The order arose from the Court's examination of content in a Social Science textbook prescribed by the National Council of Educational Research and Training for Grade-8 students across schools affiliated with the Central Board of Secondary Education. The chapter in question pertained to the Indian judiciary and its functioning.

The Supreme Court, upon reviewing the content, found that the treatment of the subject lacked the pedagogical balance expected of educational material aimed at young students. The Court noted that textbooks carrying the imprimatur of a national body such as NCERT carry special responsibility, as they shape the understanding of millions of students regarding constitutional institutions.

Suo motu cognizance by the Supreme Court in matters concerning institutional integrity, while relatively uncommon, has precedent in cases where the Court has acted to protect the dignity and functioning of constitutional bodies.

Key Holdings

The Court issued the following directions:

  1. Nationwide withdrawal ordered: The Court directed NCERT and the Union Ministry of Education to immediately withdraw the textbook edition containing the impugned chapter from all CBSE-affiliated schools across the country. No further distribution of the current edition was to take place.

  2. Pedagogical balance standard: The Bench held that educational material published under the authority of national bodies must maintain pedagogical balance and uphold institutional responsibility.

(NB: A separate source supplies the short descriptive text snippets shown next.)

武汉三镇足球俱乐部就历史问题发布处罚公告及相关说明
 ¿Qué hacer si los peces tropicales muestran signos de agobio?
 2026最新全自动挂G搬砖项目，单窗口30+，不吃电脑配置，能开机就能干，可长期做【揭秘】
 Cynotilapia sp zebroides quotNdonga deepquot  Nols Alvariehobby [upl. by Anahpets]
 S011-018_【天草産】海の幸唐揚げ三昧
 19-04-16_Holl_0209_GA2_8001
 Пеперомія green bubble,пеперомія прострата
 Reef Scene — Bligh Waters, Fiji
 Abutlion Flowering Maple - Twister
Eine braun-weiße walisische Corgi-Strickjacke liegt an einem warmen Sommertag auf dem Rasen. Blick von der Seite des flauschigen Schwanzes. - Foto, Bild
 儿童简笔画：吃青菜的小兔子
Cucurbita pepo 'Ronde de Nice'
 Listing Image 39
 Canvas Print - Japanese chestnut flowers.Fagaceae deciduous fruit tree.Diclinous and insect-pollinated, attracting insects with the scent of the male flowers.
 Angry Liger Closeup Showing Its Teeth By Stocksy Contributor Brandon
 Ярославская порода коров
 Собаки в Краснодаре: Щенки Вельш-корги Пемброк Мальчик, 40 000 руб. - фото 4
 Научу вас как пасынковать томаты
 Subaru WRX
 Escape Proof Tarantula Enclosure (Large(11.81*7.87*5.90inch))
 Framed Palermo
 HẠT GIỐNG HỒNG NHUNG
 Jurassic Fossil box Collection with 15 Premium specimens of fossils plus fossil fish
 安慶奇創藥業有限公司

Content concerning constitutional institutions must present an accurate and measured account that fosters respect for the rule of law.

  3. Contempt notices issued: The Court issued contempt notices to relevant officials, signalling the seriousness with which it viewed the matter. The respondents were directed to file their responses within a stipulated timeframe.

  4. Revised content direction: The Court directed that any revised edition of the textbook be prepared with appropriate expert consultation and be placed before the Court for review before republication.

Implications for Practitioners

This order carries significance beyond the immediate textbook controversy. It establishes a judicial standard for evaluating educational content concerning constitutional institutions, which could be invoked in future challenges to textbook content at both central and state levels.

For practitioners in education law, the order creates a precedent for seeking judicial review of curriculum content that is alleged to misrepresent or inadequately represent constitutional institutions. The direction that revised content be placed before the Court before republication is an unusually interventionist step that may invite debate about the separation of powers between the judiciary and the executive in educational policy.

Lawyers advising educational bodies and publishing houses should note that the Court's emphasis on "pedagogical balance" and "institutional responsibility" sets a substantive standard against which future content may be evaluated. Compliance teams at NCERT and state equivalents would need to ensure that content review processes are robust enough to withstand judicial scrutiny.